El problema es que sigue habiendo demasiados millones de parados que, aunque esto vaya bien, tardarán al menos ocho o diez años en tener una posibilidad real de empleo. Algunos, no todos, porque el propio mercado está expulsando simultáneamente a los jóvenes, sin oportunidades reales, a los parados de larga duración y a los mayores de 55 años. No hay políticas activas de empleo que se preocupen de estos colectivos que representan un importante porcentaje de la población y que, un año detrás de otro, ven cómo disminuyen sus posibilidades de encontrar un empleo. Ese es el gran problema, el crecimiento de la desigualdad. El 1 por ciento de los más acaudalados de España acumula el 20 por ciento de la riqueza, tres puntos más que antes de la crisis. Mientras la renta media de los hogares cayó un 18 por ciento -más de 5.000 euros- durante la peor crisis de los últimos setenta años, el 10 por ciento de los más ricos vieron cómo su patrimonio no sólo no sufría durante esos años, sino que se incrementaba un 15 por ciento.
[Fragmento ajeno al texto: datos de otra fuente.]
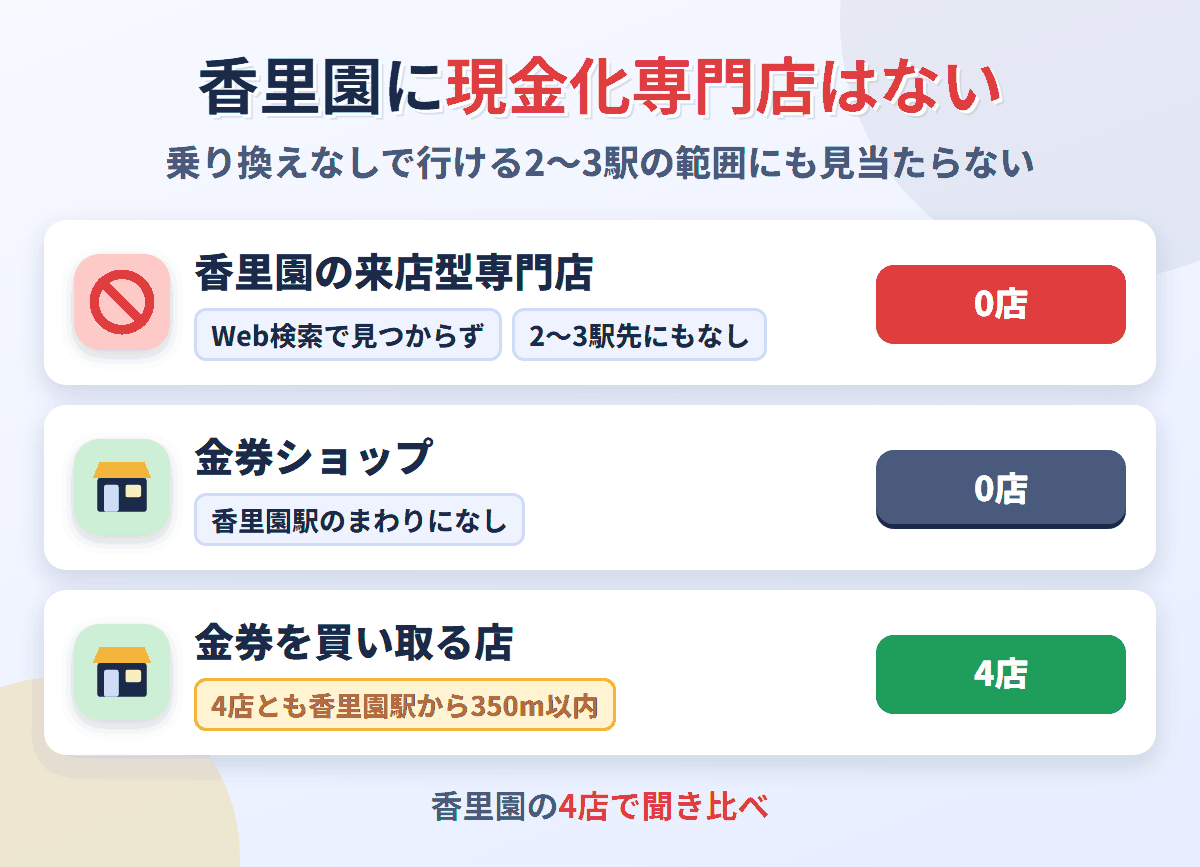 香里園に来店型の現金化専門店は0店。金券を買い取る店が4店ある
Lo que ha crecido en estos años es la desigualdad que, en parte es hija de la precariedad del trabajo y de la imposibilidad de los jóvenes por construir una vida medianamente digna. Ellos han perdido mucho más en estos últimos ocho o diez años, pero sobre todo han perdido la esperanza, el futuro. Sin los padres o abuelos, la gran mayoría de los jóvenes españoles y aquellos que se han atrevido a formar una familia habrían entrado en la pobreza. El descenso de sus ingresos y de sus expectativas ha sido brutal.
En ese caldo de cultivo real, los populismos -de derechas, marxistas o socialistas, da lo mismo- encuentran naturalmente, un espacio perfecto donde desarrollarse. Y si los Gobiernos no actúan con rigor, prontitud y medidas urgentes, lo que se puede poner en peligro es el propio sistema. Acaba de decir Emilio Lledó que "vivimos en una sociedad de consumo en la que el consumidor ha sido devorado. Vivimos en exceso de las cosas inútiles". Y, simultáneamente, tratamos de ignorar, de tapar esa desigualdad creciente, insultante, que en algunos casos es extrema. O los Gobiernos atienden ese problema o la sociedad se partirá aún más. Si no fuera por la lucha fratricida por el poder y nada más que por el poder, que, en estos momentos vive la izquierda, desatendiendo principios y proyectos, la rebelión social podría volver a estallar. Hay que reducir urgentemente la desigualdad.